Si a lo anterior añadimos el
hecho de que el sistema capitalista, en sus estertores finales, sigue
esquilmando y destrozando el suelo, el aire y el agua por doquier, la vuelta al
campo que ya debemos comenzar a la fuerza, se presenta singularmente dura.
Hemos despreciado y perdido
conocimientos valiosísimos sobre cómo conseguir el sustento. Hemos gestionado
la Naturaleza con exclusivos criterios de rentabilidad monetaria, transformando
vergeles y montes en desiertos de monocultivos que agreden la vista y la vida.
Y a pesar de todo, toca volver al
campo. Porque ya no hay más petróleo ni carbón que quemar para poder abastecer
a las ciudades de todo lo necesario para la vida a través de la actual
agricultura industrial intensiva que tiene sus días contados. Toca volver al
campo, aunque hoy sea un medio más inhóspito que hace apenas unas décadas. Toca
volver al campo porque con el colapso social y climático del capitalismo del
consumismo y el despilfarro, la prioridad de las personas ya no será conseguir
los últimos modelos de ropa y de aparatos electrónicos, ni viajar largas
distancias en avión, ni tener varios vehículos a motor por familia: la
prioridad será garantizar el acceso a la alimentación y a la vivienda, y en un
paso más, a la salud y la cultura en su acepción más amplia.
Para este futuro que tendremos
que inventar sobre la marcha, no tengo ninguna esperanza puesta en las políticas
que puedan venir desde gobiernos y organismos internacionales, ya que éstos han
estado y siguen estando al servicio del gran capital. La globalización neoliberal
de las últimas décadas ha avanzado como una apisonadora gracias a que los
poderes políticos de todo signo ideológico, formalmente democráticos, han asumido
como propio e incuestionable el objetivo del crecimiento económico a toda
costa.
En el mejor de los casos, allí
donde su sensibilidad se lo permita, los ayuntamientos pueden convertirse en
palancas de este cambio necesario.

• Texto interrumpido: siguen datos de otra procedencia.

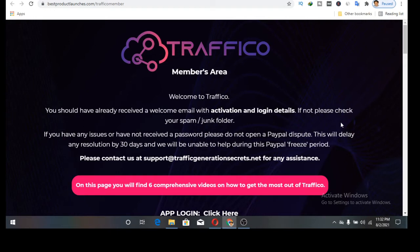Welcome guys, my name is Ken from kendubri.com. Welcome to Traffico review. I'm going to walk you through what Traffico is all about. I'm already in the members area and I'm going to give you a quick heads up of what Traffico does and how you can profit from it.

Pero más que en ayuntamientos creo que en ese
futuro por inventar el papel fundamental lo van a jugar comunidades locales relativamente
pequeñas, homogéneas y cohesionadas, formadas por personas pegadas a los
diferentes territorios, con una doble tarea. Por un lado, defender su tierra de
los abusos que todavía perpetra el capitalismo contra ella. Por otro, construir
comunidades autogestionarias, autosuficientes y resilientes, justo lo contrario
de lo que nos ofrece la globalización.
Frente a quienes piensan que los
avances tecnológicos permitirán salir del callejón sin salida en que se
encuentra la humanidad como consecuencia, precisamente, de una fe ciega en la
tecnología al servicio de la acumulación de capital. Creo que la opción es
volver hacia atrás, no a las cavernas, sino a una vida sencilla pero digna,
donde el “ser” desplace al “tener”. De acuerdo con la letra de la canción de
Macaco “Volver al origen no es retroceder, quizás sea andar hacia el saber”.
Y nuestras manos volverán a poner
piedra sobre piedra, las mismas piedras que un día movieron las manos de quienes
nos precedieron. Y volveremos a remover la tierra para que abrace semillas o para
levantar muros de tapial, para comer y cobijarnos. Y todos los asentamientos
humanos hoy abandonados y en ruinas, volverán a tejer la vida de las personas
que vuelven con la vida que siempre quedó en ellos. Como decía la bióloga Lynn
Margulis, la vida es el triunfo de la simbiosis desde hace millones de años. El
capitalismo en sus fases comercial, industrial, financiera y global, en apenas
cinco siglos, nos ha despistado, nos ha atontado, ofreciendo el elixir de la
eterna felicidad a través de la competición a ultranza. Para repoblar los
desiertos de nuestras almas, valles, montes y llanos, una cosa tenemos cierta: “El
capitalismo no funciona, la vida es otra cosa”.